AbstractPurpose of review
With ongoing advancements in noninvasive vascular imaging and high-throughput genomics, we have the opportunity to reclassify the cerebrocervical disorders by these shared associations, rather than their downstream events, and to better understand etiology, mechanism and preventive treatments going forward.Recent findings
The common nonatherosclerotic, large-vessel arteriopathies affecting the cerebrovasculature include intracranial aneurysms, cervical artery dissection, fibromuscular dysplasia and moyamoya disease. Together, these entities contribute to a high incidence of devastating cerebrovascular outcomes, including ischemic stroke and subarachnoid hemorrhage, leading to long-term physical and cognitive disability frequently in young otherwise healthy adults.
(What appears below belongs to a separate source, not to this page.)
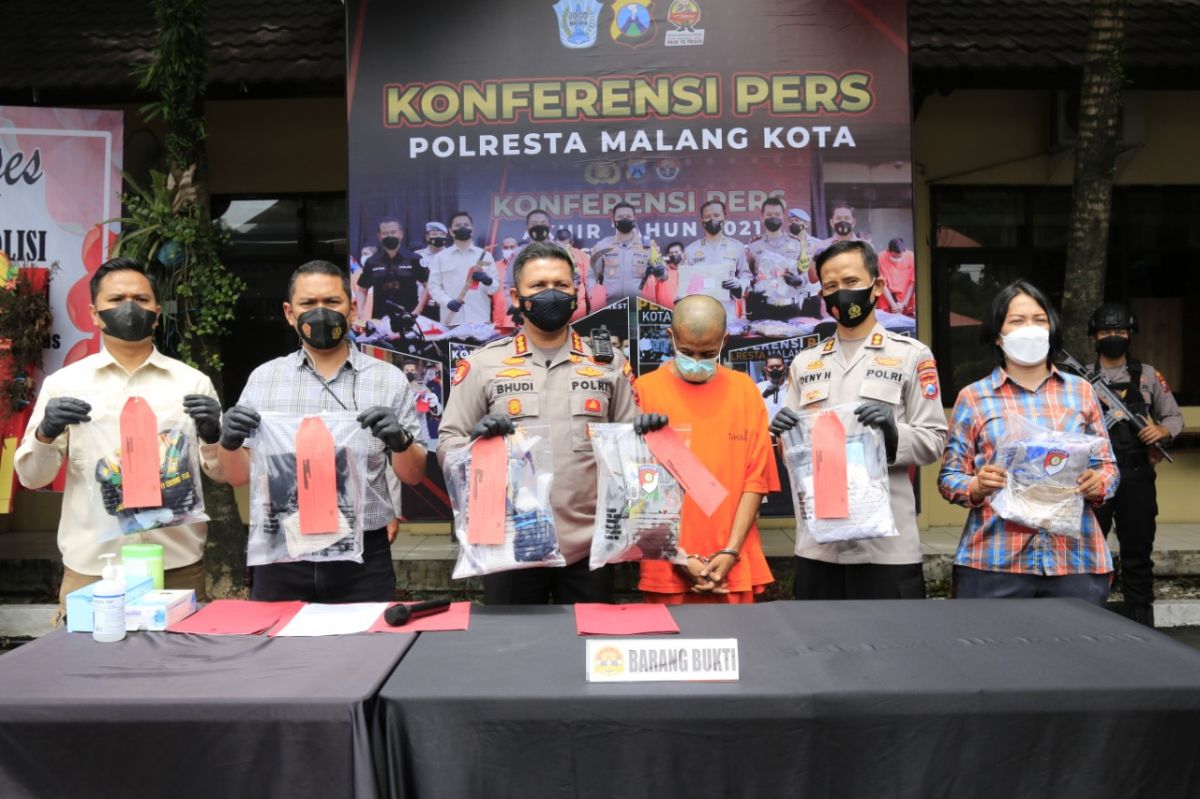Polresta Malang Kota saat menggelar konferensi pers kasus pencabulan terhadap 7 siswi SMP yang dilakukan pelatih jaranan YR. (Foto: Galih Rakasiwi/jatimnow.com)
In addition to well reported clinical overlap, these polygenic phenotypes share epidemiological characteristics, environmental risk and a common pathological weakening of the arterial wall.Summary
We reviewed both past and present studies relating these shared associations, including reported candidate gene analyses and genome-wide association data. We also catalogue recent descriptions of novel arteriopathic syndromes that add to the growing list of monogenic connective tissue disease affecting the arterial wall, and further inform our understanding of more common polygenic phenotypes. We also place these cerebrocervical arteriopathies in the context of other systemic nonatherosclerotic, large-vessel vascular disease (e.g. aortic aneurysm and dissection).